Kubernetes workloads are often exposed on the internet, which is why they are interesting for attackers to gain initial access to a Kubernetes infrastructure. Unfortunately, no web framework is free of bugs or vulnerabilities, and the same goes for Docker images used to package applications.
Therefore, it is essential to harden the security of workloads to prevent the compromise of one application from leading to a full compromise of the underlying Kubernetes infrastructure.
This article aims to provide recommendations to mitigate these risks. These recommendations are mainly taken from the NSA's "Kubernetes Hardening Guide" and from the Kubernetes security documentation. It does not cover Role-Based Access Control (RBAC) in Kubernetes.
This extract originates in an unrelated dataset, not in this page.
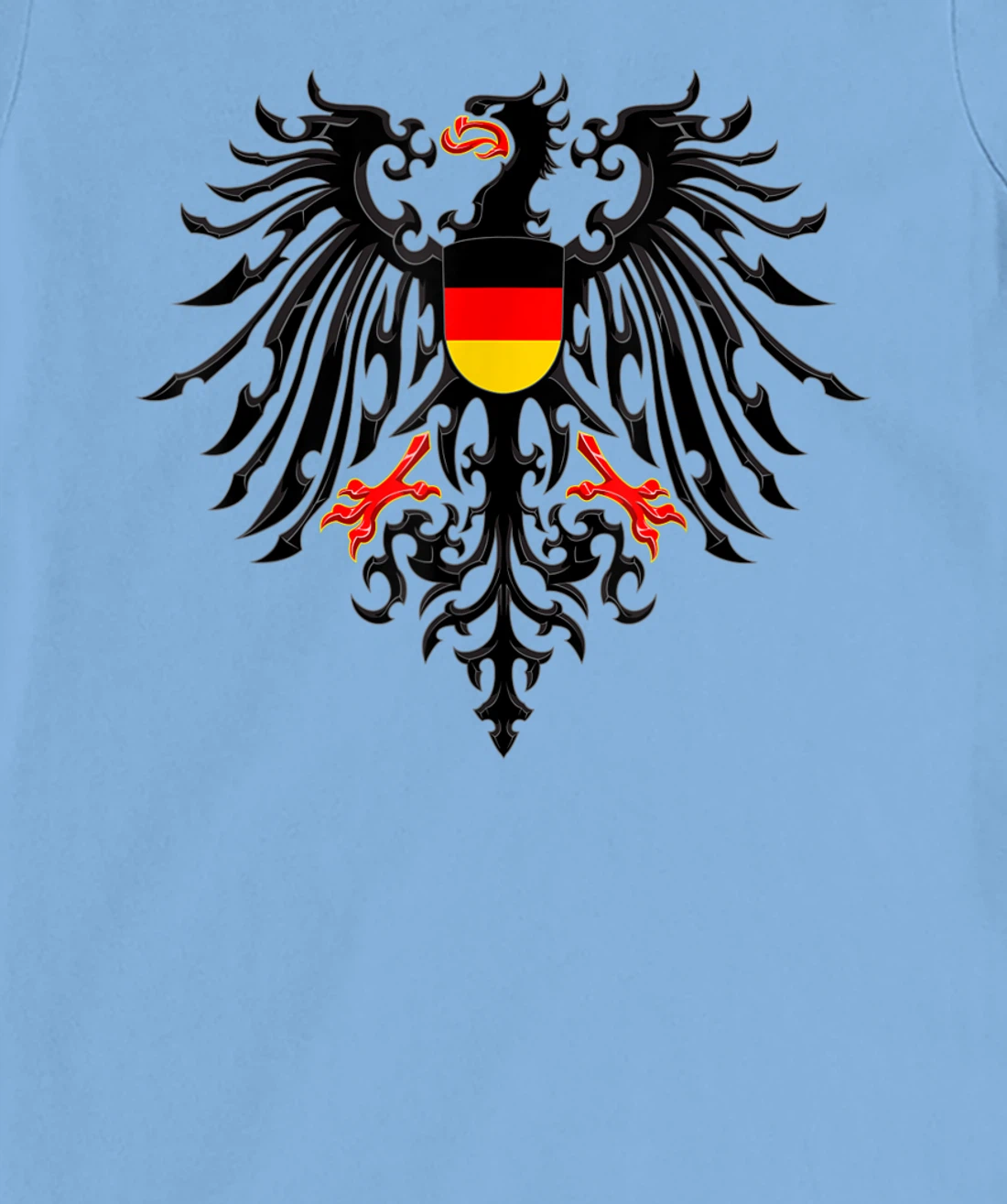 Germany Eagle Flag - German Eagle T-Shirt, Women T-Shirt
Securing Pods reduces the overall attack surface in the cluster and prevents many post-exploitation activities after a compromise.
Most container services run applications as root users by default. Yet, most of the time, applications do not require such high permissions.
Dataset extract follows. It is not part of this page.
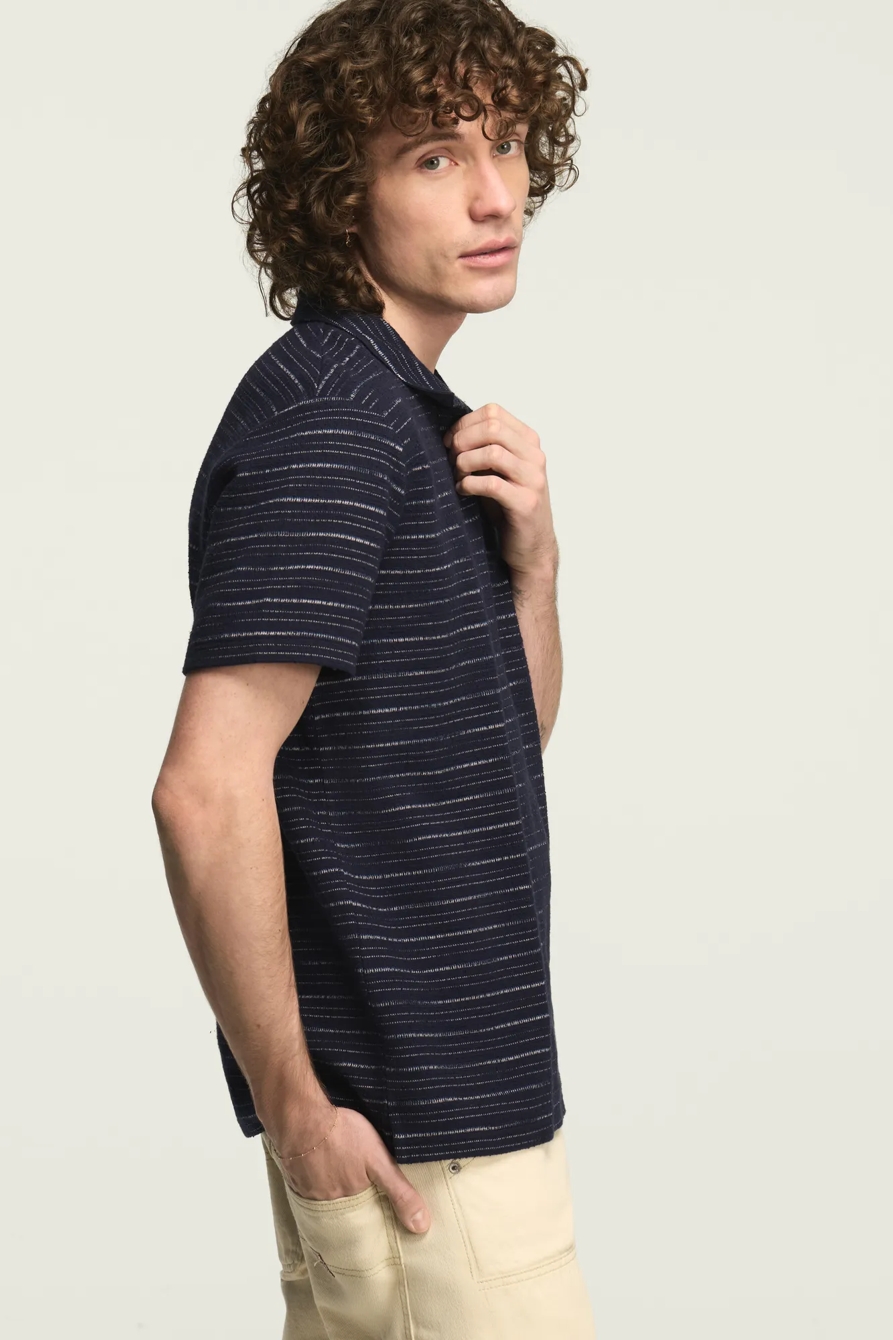 JACQUARD JOHNNY COLLAR, image 4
Running applications as non-root users mitigates the impact of a container compromise, as it limits the rights these applications have in the containers. In addition, container engines (the services that manage containers on a Kubernetes node) are also prone to security flaws that can break the isolation between containers and the host system.
In this scenario, an attacker that managed to compromise a container (exploiting an application vulnerability for instance) could escape from it and end up with the same privileges on the host system as the one he has in the container.
There are two ways to run containers with a non-root user:
Specifying a non-root user to use in the Dockerfile
# Create a new user (user1) and new group (group1); then switch into that user’s context
RUN useradd user1 && groupadd group1
USER user1:group1
Using Pod security contexts to specify a non-root user at runtime
apiVersion: v1
kind: Pod
metadata:
name: my-secure-pod
spec:
...
securityContext:
runAsUser: 1001
runAsNonRoot: true
Specifying the user in the Dockerfile is to be preferred, as it ensures the container will always be run without root rights by container engines.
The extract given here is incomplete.